Love the forum, there is so much interesting information on here.

We're travelling to Perth in about 3 weeks time and asking what the weather will be like at this time of year. Also are there any particular areas and restaurants that anyone can recommend. We're really looking forward to our first trip out there.

Thanks

Heather


----------



## Wanderer (Jun 16, 2007)

Sorry for delay in getting back Hetty but they say every cloud has a silver lining!

In this case, a week or so ago I would have said we're about to be burnt to a crisp - up to 37C in parts of NT and Queensland in winter!

But places further south have been more normal and Perth has been hovering around about 20C for the last week or so.
September will start to see it warm a little but I'd not expect it to be getting as hot as even 30C, 25 being a possibility.

Australian official weather can be looked up on Home Page - Bureau of Meteorology

I'm not overly familiar with Perth, it like being far enough away from the east coast it might as well be another country but I think one of the main restaurant/night life districts of CBD is referred to as Knightsbridge.
Then of course there is Fremantle which got a real kick on from the Alan Bond and Americas Cup days.

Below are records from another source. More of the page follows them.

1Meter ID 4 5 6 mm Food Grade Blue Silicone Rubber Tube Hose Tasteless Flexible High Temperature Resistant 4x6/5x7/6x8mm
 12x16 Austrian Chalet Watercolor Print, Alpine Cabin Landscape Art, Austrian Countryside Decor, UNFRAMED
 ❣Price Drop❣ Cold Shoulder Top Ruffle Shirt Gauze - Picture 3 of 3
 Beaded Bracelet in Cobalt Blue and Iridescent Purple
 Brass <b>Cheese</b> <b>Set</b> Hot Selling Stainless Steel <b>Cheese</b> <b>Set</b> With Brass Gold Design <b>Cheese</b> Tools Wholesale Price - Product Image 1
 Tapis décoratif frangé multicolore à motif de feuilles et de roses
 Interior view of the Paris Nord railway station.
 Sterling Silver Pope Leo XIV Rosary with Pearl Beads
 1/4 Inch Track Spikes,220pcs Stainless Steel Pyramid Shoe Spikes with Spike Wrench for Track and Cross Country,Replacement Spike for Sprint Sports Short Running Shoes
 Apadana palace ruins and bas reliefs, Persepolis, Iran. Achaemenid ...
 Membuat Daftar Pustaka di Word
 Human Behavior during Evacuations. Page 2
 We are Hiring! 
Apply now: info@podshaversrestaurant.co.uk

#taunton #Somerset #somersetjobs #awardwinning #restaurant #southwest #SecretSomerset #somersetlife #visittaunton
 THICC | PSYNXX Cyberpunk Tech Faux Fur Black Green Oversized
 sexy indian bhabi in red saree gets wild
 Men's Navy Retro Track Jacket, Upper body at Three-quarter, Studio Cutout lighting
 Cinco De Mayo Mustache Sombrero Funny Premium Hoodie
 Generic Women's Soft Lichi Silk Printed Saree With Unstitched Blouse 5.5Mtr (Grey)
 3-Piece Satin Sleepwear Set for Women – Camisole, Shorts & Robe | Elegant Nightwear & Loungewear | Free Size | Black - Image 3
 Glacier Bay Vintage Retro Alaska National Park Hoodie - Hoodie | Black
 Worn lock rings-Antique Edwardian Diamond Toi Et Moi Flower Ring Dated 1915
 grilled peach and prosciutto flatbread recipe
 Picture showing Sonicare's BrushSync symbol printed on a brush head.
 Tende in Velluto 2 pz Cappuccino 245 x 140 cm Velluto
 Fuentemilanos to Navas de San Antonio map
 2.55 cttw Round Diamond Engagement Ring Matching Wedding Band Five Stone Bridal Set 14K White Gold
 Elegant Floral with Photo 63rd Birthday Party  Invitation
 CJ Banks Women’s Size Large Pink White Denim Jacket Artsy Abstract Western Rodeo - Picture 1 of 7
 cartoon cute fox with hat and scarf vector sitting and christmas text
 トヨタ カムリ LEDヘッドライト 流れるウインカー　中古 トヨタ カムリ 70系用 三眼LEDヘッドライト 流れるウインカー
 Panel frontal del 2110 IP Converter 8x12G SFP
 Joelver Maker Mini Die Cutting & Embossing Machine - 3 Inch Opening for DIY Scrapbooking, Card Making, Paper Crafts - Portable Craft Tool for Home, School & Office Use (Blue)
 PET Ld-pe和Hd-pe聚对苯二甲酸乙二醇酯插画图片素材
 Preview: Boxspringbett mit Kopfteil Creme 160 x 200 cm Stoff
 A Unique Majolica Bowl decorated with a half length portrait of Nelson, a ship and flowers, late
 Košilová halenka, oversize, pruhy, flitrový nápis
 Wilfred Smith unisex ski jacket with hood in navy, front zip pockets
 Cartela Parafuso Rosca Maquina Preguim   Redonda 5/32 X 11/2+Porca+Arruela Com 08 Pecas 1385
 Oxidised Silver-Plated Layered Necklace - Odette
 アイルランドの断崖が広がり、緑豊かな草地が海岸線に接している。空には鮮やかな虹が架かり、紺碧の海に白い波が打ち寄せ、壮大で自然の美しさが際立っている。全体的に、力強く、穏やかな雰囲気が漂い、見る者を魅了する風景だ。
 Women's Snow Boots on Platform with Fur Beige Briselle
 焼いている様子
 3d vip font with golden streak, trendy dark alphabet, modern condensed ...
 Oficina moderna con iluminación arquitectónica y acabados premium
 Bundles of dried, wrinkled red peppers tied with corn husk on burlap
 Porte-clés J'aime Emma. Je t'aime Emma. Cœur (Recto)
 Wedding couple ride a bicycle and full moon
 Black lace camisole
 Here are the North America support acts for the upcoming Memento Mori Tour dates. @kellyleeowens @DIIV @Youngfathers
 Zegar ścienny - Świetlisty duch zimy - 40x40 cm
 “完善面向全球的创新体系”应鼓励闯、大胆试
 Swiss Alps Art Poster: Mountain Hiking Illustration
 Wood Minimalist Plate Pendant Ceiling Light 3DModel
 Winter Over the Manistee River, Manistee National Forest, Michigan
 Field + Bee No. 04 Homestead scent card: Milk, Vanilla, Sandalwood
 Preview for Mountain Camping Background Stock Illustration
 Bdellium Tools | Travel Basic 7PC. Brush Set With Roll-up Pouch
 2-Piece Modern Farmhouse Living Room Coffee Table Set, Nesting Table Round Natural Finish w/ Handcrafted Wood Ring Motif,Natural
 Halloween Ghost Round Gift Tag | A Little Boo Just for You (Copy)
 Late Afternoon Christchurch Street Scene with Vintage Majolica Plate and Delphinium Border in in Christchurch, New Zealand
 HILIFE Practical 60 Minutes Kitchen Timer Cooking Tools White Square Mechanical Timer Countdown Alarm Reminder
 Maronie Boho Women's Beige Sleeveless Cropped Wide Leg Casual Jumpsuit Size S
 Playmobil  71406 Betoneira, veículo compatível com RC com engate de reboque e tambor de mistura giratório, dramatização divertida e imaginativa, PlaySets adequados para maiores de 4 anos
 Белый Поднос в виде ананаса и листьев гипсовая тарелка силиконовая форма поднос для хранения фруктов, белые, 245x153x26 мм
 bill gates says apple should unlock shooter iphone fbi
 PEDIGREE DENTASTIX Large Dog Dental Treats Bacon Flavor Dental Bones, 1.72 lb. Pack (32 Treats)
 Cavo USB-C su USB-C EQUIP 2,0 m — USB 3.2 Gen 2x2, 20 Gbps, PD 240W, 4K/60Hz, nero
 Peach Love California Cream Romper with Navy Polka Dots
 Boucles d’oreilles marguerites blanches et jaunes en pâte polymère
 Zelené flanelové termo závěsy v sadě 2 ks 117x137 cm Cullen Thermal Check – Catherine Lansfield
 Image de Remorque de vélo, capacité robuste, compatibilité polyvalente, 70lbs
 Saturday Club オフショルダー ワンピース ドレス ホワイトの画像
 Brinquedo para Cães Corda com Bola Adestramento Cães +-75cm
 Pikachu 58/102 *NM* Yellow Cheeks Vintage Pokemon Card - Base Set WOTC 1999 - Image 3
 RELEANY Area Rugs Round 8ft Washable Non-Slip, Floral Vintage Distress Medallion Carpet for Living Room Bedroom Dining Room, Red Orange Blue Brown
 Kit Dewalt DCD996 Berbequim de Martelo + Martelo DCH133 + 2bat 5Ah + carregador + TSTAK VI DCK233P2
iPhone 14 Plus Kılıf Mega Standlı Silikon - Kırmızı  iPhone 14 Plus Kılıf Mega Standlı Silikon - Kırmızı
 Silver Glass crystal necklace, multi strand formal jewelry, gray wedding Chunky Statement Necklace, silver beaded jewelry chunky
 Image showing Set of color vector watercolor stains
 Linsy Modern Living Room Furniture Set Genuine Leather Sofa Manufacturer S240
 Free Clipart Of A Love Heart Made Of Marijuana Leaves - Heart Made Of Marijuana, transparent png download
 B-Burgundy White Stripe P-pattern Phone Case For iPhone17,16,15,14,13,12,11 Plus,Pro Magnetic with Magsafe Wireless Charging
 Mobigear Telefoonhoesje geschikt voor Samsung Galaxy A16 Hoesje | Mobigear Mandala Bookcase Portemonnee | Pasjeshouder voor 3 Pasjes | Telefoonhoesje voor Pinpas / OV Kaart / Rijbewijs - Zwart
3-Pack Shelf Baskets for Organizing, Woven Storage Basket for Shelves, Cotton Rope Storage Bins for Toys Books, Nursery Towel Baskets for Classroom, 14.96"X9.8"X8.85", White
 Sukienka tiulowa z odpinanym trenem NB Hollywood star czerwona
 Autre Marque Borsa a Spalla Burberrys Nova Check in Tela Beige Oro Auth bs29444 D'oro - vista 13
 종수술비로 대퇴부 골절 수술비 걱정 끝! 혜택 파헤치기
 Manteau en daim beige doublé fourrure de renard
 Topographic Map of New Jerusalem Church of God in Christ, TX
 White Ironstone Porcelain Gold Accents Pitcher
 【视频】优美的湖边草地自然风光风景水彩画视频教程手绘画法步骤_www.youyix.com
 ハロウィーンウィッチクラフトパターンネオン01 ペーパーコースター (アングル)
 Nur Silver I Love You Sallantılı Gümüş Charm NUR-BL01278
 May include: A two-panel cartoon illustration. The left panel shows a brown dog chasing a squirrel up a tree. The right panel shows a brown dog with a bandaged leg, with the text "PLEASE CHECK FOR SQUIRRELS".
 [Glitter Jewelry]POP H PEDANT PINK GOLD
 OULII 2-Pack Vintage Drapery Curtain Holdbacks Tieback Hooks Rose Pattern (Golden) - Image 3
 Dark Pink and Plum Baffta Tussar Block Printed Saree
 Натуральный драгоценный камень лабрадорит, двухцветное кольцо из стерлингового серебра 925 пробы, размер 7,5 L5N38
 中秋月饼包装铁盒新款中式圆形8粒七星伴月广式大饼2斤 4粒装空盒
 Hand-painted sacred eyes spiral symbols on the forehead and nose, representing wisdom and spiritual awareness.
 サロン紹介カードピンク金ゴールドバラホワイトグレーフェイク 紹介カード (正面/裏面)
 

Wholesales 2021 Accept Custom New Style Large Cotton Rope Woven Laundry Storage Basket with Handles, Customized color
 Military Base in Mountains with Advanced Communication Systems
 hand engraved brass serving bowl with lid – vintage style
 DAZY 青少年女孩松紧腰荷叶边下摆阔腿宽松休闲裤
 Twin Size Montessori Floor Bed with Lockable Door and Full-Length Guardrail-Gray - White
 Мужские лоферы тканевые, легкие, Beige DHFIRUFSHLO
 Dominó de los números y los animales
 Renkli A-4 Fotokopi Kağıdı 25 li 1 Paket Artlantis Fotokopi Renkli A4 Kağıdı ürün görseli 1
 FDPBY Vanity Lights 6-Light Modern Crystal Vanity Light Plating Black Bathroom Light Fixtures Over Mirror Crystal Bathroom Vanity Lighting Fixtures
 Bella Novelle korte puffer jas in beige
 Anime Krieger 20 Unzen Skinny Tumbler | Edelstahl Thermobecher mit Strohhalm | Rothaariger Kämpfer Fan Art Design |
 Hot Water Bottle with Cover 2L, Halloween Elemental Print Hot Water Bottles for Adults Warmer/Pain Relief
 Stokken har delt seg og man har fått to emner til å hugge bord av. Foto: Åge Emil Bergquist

Rottnest Island is good for a day trip and perhaps even to overnight for a couple.

And with three weeks, unless you have reason to have all of it in Perth itself, I'd get a car and head of down into what is called the SW there - it always amuses me that as it's more SE other than the little bit that sticks out like a chin.
But wineries, lovely forests, beaches and islands and you can do a touring loop all the way over to Esperance and then up to Kalgoorlie and back to Perth to take in a bit of history or for less harsh country just stick with the SW/SE as it's wild flower time of year and you'll likely see tourism stuff splashed about on that.

There's a few places noerth along the coast but not too far as you quickly run into being out in the middle of nowhere, but if you're not on a restrictive budget you could always fly up to Broome and from there [ there's not much else around for yonks] head out to http://www.kooljaman.com.au/ , a pretty cool place and getting there by scenic light aircraft from Broome out over King Sound, Horizontal Falls and The Buccaneer Archipelago is a real treat.

You can get back on the cheap with Coral the Postie and less of a treat than an experience but have the Camera out when resting the bum for 10 minutes at Beagle Bay and get some snaps inside the Church.


----------



## BlackEyes (Nov 9, 2009)

When you want to play to the snow I think you should visit in the month of June to August, the Spring is September to November, then if you want to celebrate you Christmas on the beach the you can celebrate it there because, Summer time is from December to February.


----------